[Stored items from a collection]
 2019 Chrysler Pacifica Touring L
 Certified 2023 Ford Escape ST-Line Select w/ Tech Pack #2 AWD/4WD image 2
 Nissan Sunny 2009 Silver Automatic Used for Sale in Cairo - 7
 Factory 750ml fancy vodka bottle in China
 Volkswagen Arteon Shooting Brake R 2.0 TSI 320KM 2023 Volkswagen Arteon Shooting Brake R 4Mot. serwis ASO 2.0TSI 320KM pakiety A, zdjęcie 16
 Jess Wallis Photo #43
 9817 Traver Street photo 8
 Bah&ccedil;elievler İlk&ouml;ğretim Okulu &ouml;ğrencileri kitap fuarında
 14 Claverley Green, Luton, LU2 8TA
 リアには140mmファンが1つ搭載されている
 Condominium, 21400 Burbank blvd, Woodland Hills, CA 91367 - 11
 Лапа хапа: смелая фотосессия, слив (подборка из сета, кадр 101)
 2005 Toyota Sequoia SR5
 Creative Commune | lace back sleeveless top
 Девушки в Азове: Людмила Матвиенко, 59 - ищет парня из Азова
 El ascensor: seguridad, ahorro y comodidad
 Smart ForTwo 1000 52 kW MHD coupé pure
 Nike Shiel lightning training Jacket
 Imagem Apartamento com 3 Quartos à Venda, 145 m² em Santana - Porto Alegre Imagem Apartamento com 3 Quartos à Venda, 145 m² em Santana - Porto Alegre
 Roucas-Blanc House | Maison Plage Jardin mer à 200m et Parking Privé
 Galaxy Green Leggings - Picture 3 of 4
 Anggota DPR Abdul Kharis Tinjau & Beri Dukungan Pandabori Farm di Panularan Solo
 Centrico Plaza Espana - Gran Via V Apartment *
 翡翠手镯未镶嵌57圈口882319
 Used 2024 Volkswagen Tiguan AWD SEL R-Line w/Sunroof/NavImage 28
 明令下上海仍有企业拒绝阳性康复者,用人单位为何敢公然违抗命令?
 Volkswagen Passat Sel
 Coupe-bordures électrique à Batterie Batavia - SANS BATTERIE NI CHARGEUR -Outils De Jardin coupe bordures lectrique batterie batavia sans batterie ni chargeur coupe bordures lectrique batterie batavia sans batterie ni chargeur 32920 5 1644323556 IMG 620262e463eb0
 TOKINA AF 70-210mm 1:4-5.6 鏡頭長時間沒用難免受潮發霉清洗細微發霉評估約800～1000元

▸ Instructions for the task:
The required result is an exact repeat of the records above from the line containing "Anggota DPR Abdul" to their final line.

▸ Solved exercise:
 Anggota DPR Abdul Kharis Tinjau & Beri Dukungan Pandabori Farm di Panularan Solo
 Centrico Plaza Espana - Gran Via V Apartment *
 翡翠手镯未镶嵌57圈口882319
 Used 2024 Volkswagen Tiguan AWD SEL R-Line w/Sunroof/NavImage 28
 明令下上海仍有企业拒绝阳性康复者,用人单位为何敢公然违抗命令?
 Volkswagen Passat Sel
 Coupe-bordures électrique à Batterie Batavia - SANS BATTERIE NI CHARGEUR -Outils De Jardin coupe bordures lectrique batterie batavia sans batterie ni chargeur coupe bordures lectrique batterie batavia sans batterie ni chargeur 32920 5 1644323556 IMG 620262e463eb0
 TOKINA AF 70-210mm 1:4-5.6 鏡頭長時間沒用難免受潮發霉清洗細微發霉評估約800～1000元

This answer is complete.